いきなり、こんな事態に投げ込まれてしまった本人は一体どういう気持ちになり、
何を考えるものなのか、私には想像もつかない。

ただ、父が生きながら肉を刻まれるほどの耐えがたい苦痛を、
ただ抵抗できないがゆえに耐えさせられているのであれば、
家族の気持ちなどどうでもいいから、父をそこから今すぐ逃がしてやってくれ、
意識を完全に落としてやってくれ、と私はたまらない思いで願ったのです。

しかし、家族それぞれの思いは微妙に違っていたのかもしれません。
そのことを、昨日からずっと考えています。

今日の父は、完全に眠らせてありました。ほっとしました。
声をかけ、触れれば、必ず意識にも触れると思う。
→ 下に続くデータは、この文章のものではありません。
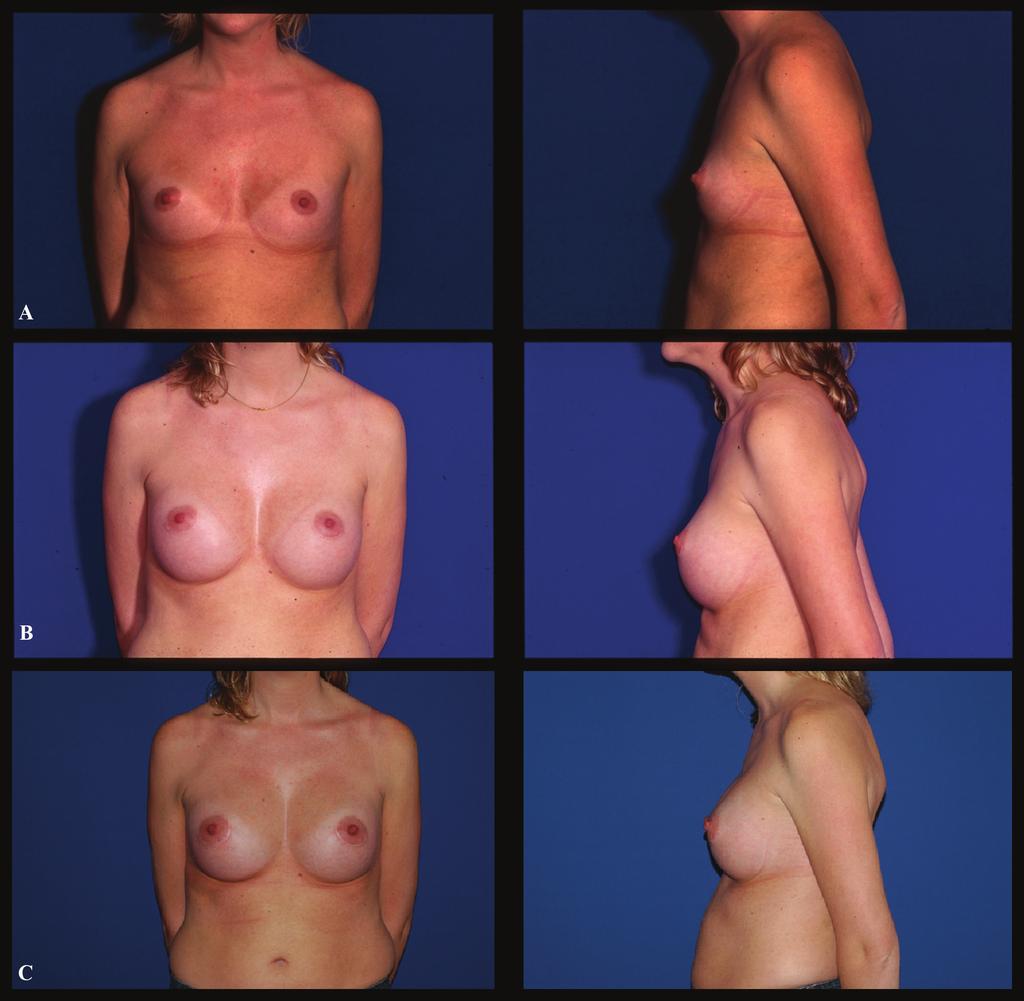 170 Capsular weakness around breast implant Fig. 1: Case 1 (Frontal and profile view): A. Preoperative aspect of a 25 year-old female who presented hypotrophyc breasts. B.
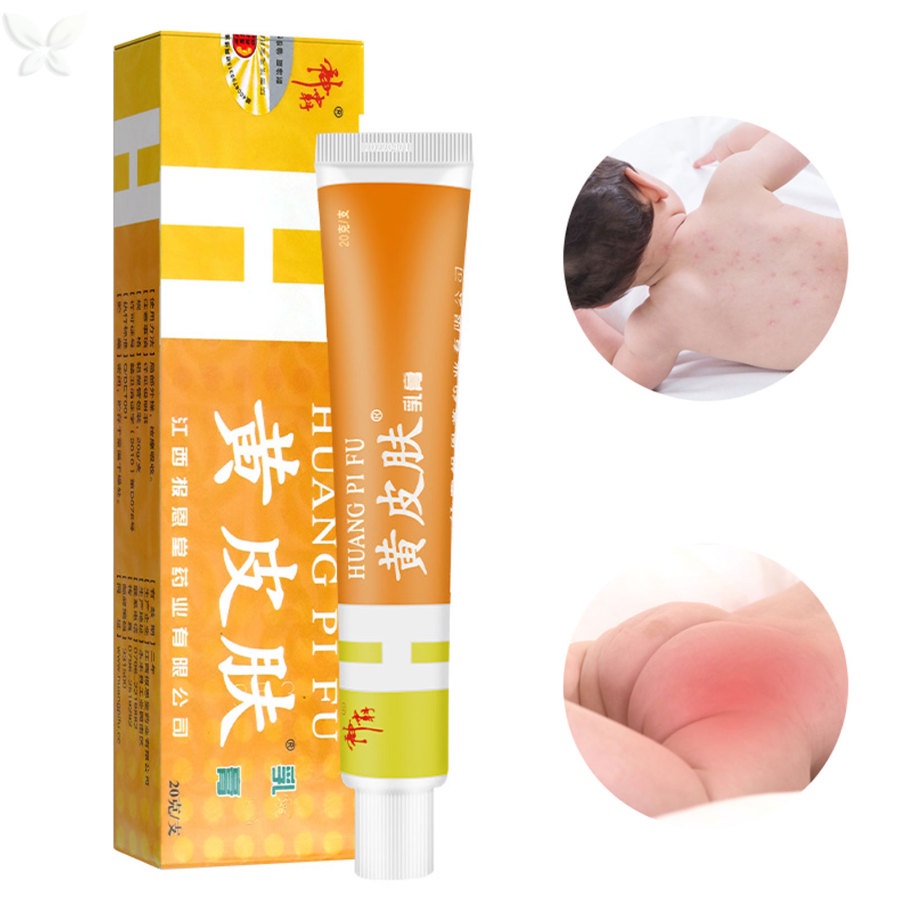 Kem Thảo Dược Hỗ trợ giảm vẩy nến / Chàm Chống Ngứa Hiệu Quả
父の夢の中に届くと信じる。

ただ、昨日、苦痛の中でも必死で声かけにうなずいた父は
まだ家族の手の届くところにいたのだけれど、
今日の父は家族の手の届かないところにいってしまっていました。

私は今まで医療における本人と家族の意思のバランスの中で、
本人が苦痛を味わっているのに家族のエゴでそれを長引かせるのは残酷だ
という方向ばかりで考えてきました。

でも、今日の父を見てからずっと頭からはなれないのは、
もしかしたら、このままになる可能性が少しでもあるのだとしたら、
苦痛があるからという周囲の判断だけで意識を奪われることを
果たして本人は望んだのかどうかということ。

昨日、まだ意識があった父が死を意識していたとしたら、
もしかしたら最も恐ろしかったのは凄まじい苦痛ではなく、
このまま家族との意思疎通を奪われてしまうことだったのだろうか、ということ。
自分の意思を確認してもらえないまま眠らされてしまうことが
父には恐怖だったか、苦痛からの救いだったか、どちらだったのだろうか、ということ。

もちろん、現実にどういう選択肢があるかということとは無関係な物思いなのですが。